J.C. Chandor n’est pas tout jeune mais All Is Lost n’est pourtant que son second film. Pour autant, on ne peut pas dire que le bonhomme ait attendu pour montrer l’étendu de son talent puisque c’est lui qui avait signé Margin Call, un thriller financier palpitant avec une belle brochette de stars dont Maitre Kevin Spacey ou Zachary Quinto qu’on aperçoit au générique de All Is Lost comme producteur exécutif. Chandor a également participé au Festival Sundance qui met en avant les nouveaux réalisateurs, ce qui n’est finalement pas un hasard car son fondateur n’est autre que Robert Redford himself.
Un vieux loup de mer dont on ignore même le nom voyage en solitaire à travers l’océan indien. Un beau jour, il s’aperçoit en se réveillant qu’un container à la dérive a ouvert une brèche dans la coque de son voilier. A partir de cette première galère, le marin se retrouve absolument seul, sans moyen de communication.

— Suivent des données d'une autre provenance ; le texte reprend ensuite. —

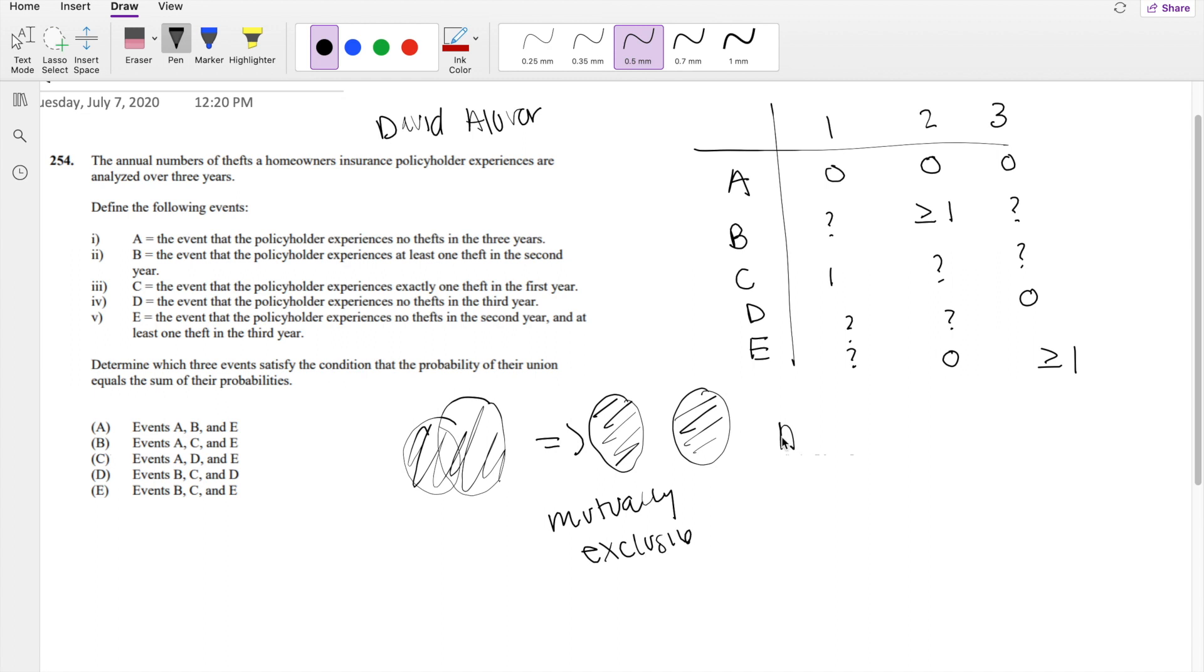So let's first check A and B. We know that event 2, in year 2, you can't have zero theft and greater than one theft. So A and B indeed is mutually exclusive.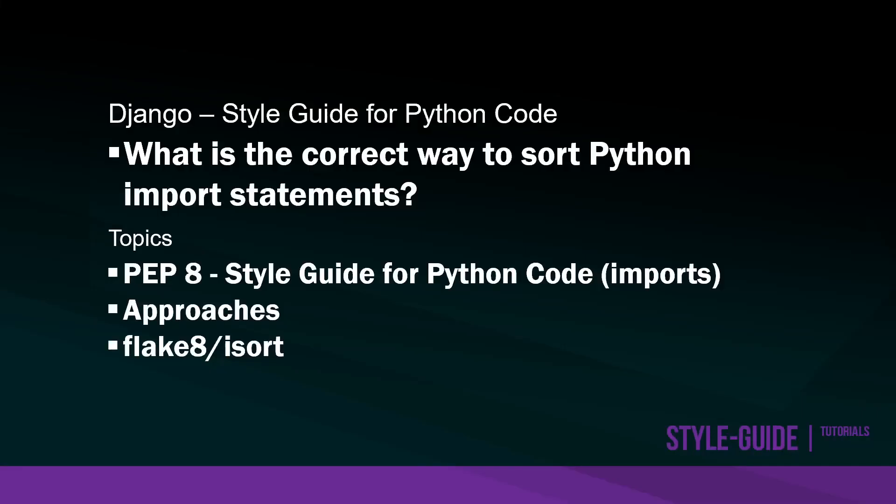This might seem like a trivial question, but we want to order these imports to maximize readability and consistency of our code. Later on, we want to be able to easily see what imports are being included in the page because, for example, something might be updated.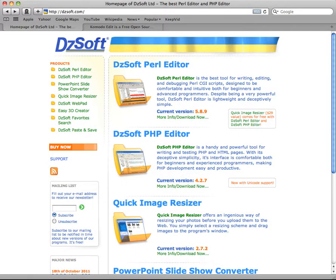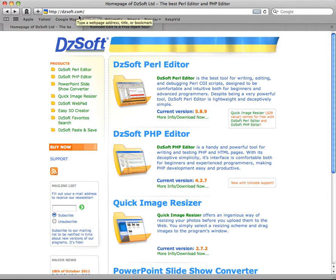Let's look at a couple of editor options for working with PHP. One that we'll be using in class is the DZSoft PHP editor. You can go to the DZSoft.com website and then follow the link for DZSoft PHP editor.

Lorsque une tempête s’annonce, il sent que son instinct de survie sera mis à rude épreuve.
Polanski racontait récemment que plus le cadre spatial d’un film était réduit, plus ils se sentait inspiré. Une mode qui fait des émules depuis 127 Heures puisqu’on ne compte plus le nombre de huis-clos qui sortent sur nos écrans. Rien que ces derniers mois, on a déjà eu Gravity, Capitaine Phillips et dans une moindre mesure Le Transperceneige. On notera que tous ces films ont en commun l’idée de proposer quelque chose de réaliste, de ne pas faire de chichi. L’industrie du cinéma vit en plus la crise de plein fouet, elle encourage désormais ce genre de projets peu couteux (9M$ !) mais où le risque de se planter reste grand pour le réalisateur.
Plus que jamais, on touche ici les fondements du jeu d’acteur car aucun dialogue ne rythme le film. Tout doit être visuel, il faut créer une empathie universelle. Le choix du seul acteur au casting n’est pas anodin car il fallait une gueule, quelqu’un ayant de la présence et de l’expérience. Redford donne cette crédibilité. L’icône est maintenant âgée, les cheveux teints et les rides marquées: il a tout du marin qui a parcouru les mers du monde durant de longues années. Sa performance est tout à fait louable, une proximité se crée rapidement.
Malgré toutes les bonnes intentions, All Is Lost ne peut éviter les limites du genre. Pour garder le spectateur en haleine, les éléments perturbateurs sont nombreux et beaucoup trop exagérés. On veut bien croire que le sort s’acharne mais au bout d’un moment c’est de trop. Il faudrait vraiment que Dieu ait une dent contre lui. Les quelquefois où notre marin tombe à l’eau en pleine tempête frisent le n’importe quoi, tout comme les retournements de son voilier dignes d’une attraction Disneyland. Le fait de ne rien connaitre du personnage finit par desservir car lorsqu’on ne croit plus aux twists, il faudrait pouvoir au moins se rattacher à notre unique acteur.
Là où le thriller aurait dû devenir psychologique, il ne se passe rien de plus qu’avant. Dommage que le réalisateur ait décidé de nous révéler comment cela allait se terminer dès sa première scène, le suspense en prend un coup. Dès lors, le titre suffit à lui même.
Reste une fin relativement ouverte qui donnera à chacun sa vision de la chose. Pas de quoi s’exciter cependant, on reste dubitatif, sans pour autant être réellement déçu.
Que doit on tirer de All Is Lost ? L’Homme est il un connard sans cœur soumis au vil système capitaliste ? Dieu aime t-il faire souffrir les autres ? Faut il aller en pleine mer avec un voilier de jet-setteur ? Doit on avertir sa famille avant de se barrer ? Faut il installer un traceur sur son bateau avant de quitter le large ? Autant de questions existentielles qui rendent le film croquant à l’extérieur mais creux à l’intérieur… Et personne n’aime les Kinder Surprise sans la surprise dedans.